Day Seven—Fourteen teams remaining


Lauren


Three daysafter our treasure-hunting expedition, I woke up later than usual, according to the height of the sun, anyway. Alone in the shelter and feeling groggy, I stood and rubbed my eyes, just wanting to curl up and go back to sleep.

This was apparently the day hunger and exhaustion were hitting me. I’d been told it would happen, but I hadn’t expected it to be so intense. My limbs were heavy and I was fantasizing about bacon and eggs…again.

As I left the shelter, a light rain fell on my face and arms. I grabbed a canteen and retreated back to the shelter, where I sat alone with my fatigue until Archer walked back into camp, Linda following him with a camera on her shoulder.

“No luck with fishing this morning, but we’ll still have meat,” Archer said, holding up a snake that was at least four feet long.

“Holy shit, that thing better be dead,” I said, instinctively scooting against the back of the shelter.

“Notice how it’s not moving?” he asked dryly.

I narrowed my eyes, his words about still having meat sinking in.

“Wait, are you planning to eat that thing?”

He nodded. “Tastes like chicken. We have to have protein and carbs for the competition today.”

Tears welled in my eyes, but I couldn’t comprehend why. Was it the exhaustion, the hunger, or the reptile on our breakfast menu?

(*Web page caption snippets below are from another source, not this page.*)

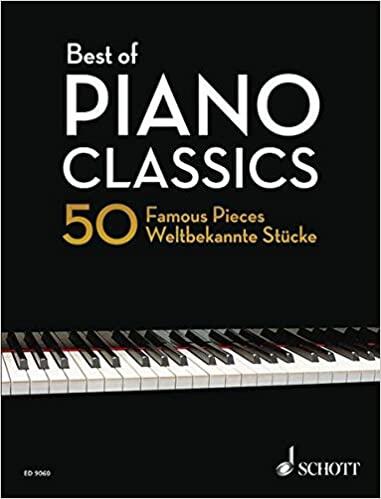 Best Of Piano Classics 50 Famous Pieces for Piano  Hans-Günter Heumann Piano Recueil : photo 1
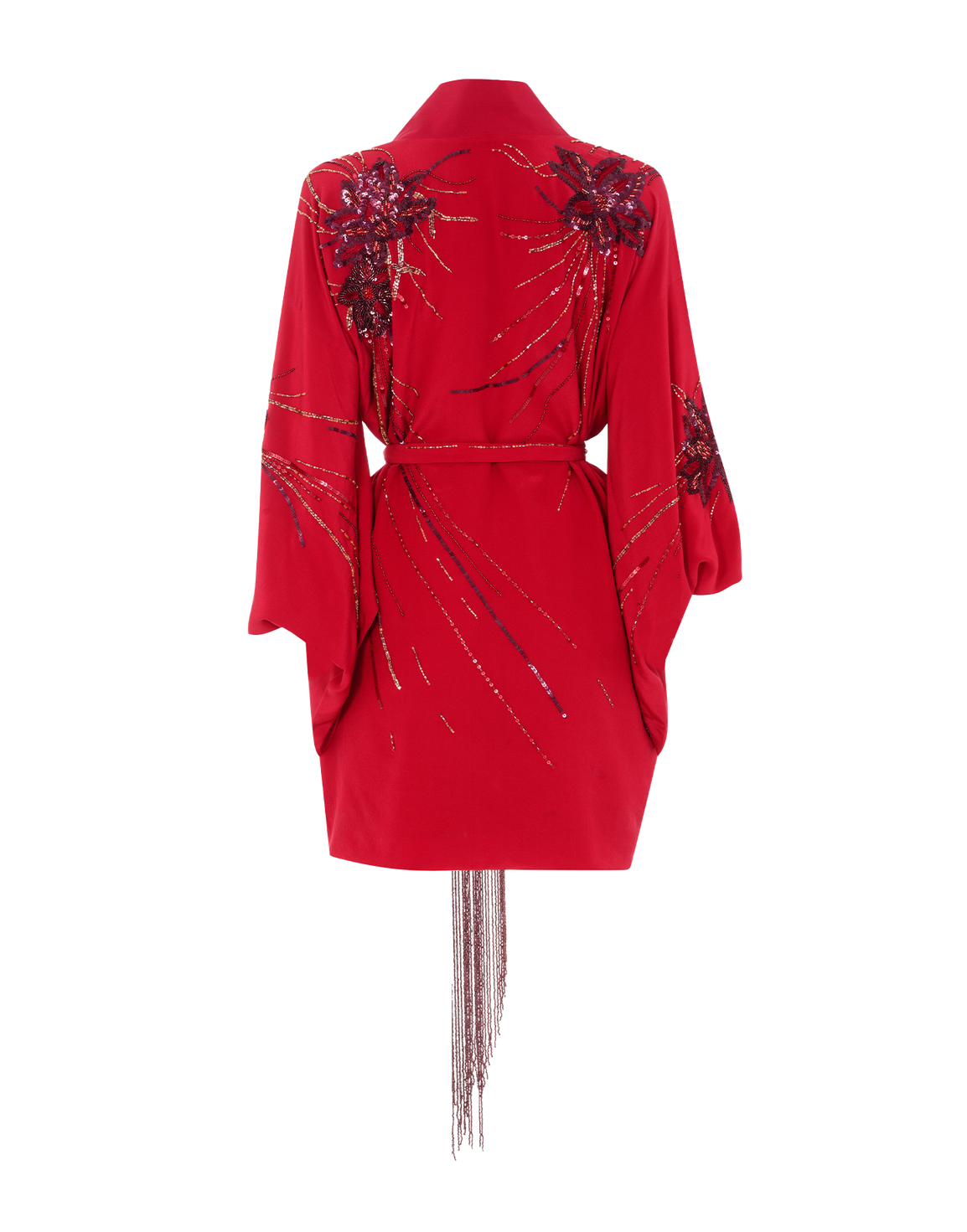 Juliana Short Kimono Red | Agent Provocateur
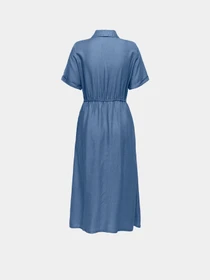 Платья Only CHARIS LIFE SHIRT DRESS модель 15363971_Medium Blue Denim Фото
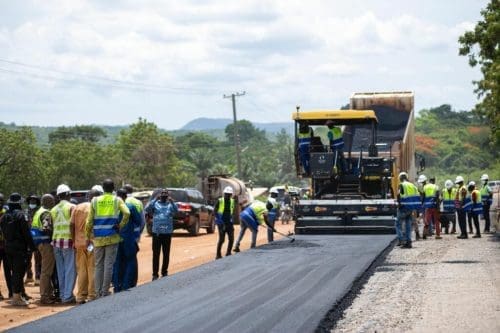 Road contractors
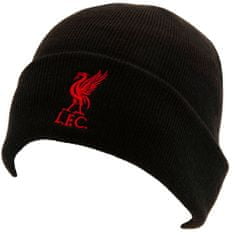 FotbalFans Čepice Liverpool FC, černá, univerzální velikost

Honestly, it was all of the above, and also homesickness. But I wouldn’t wallow. I took a couple deep breaths and pulled myself together.

“Want me to cook the rice?” I asked, emerging from the shelter.

“That’d be great. We’ve got an hour until we need to leave, and I have to skin and clean this thing.”

I deliberately didn’t look at the snake as Archer cleaned it. Instead, I watched him. The dark scruff on his cheeks was definitely working for me. His muscled chest and arms had tanned in the past week, and his black shorts hung a little lower on his hips. He had a single tattoo on his chest—a replica of the Purple Heart his grandpa had been awarded when wounded as a POW in Vietnam.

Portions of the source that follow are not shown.